- _What to work on_: Keep every word of the listing and drop the images when you write it out.

- _Information provided_:

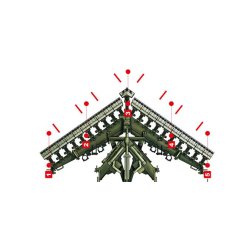 Indicator and Chain Assembly for M1132 Stryker Engineer Squad Vehicle Surface Mine Plow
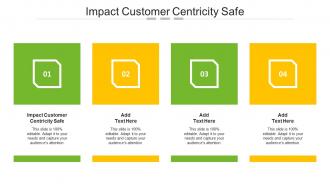 Impact Customer Centricity Safe In Powerpoint And Google Slides Cpb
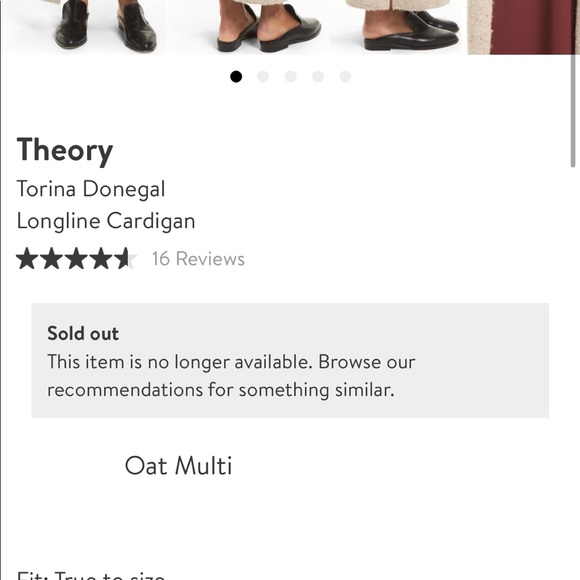 Theory Long Cardigan Sweater Coat - Picture 7 of 7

- _Solved exercise_:
 Indicator and Chain Assembly for M1132 Stryker Engineer Squad Vehicle Surface Mine Plow
 Impact Customer Centricity Safe In Powerpoint And Google Slides Cpb
 Theory Long Cardigan Sweater Coat - Picture 7 of 7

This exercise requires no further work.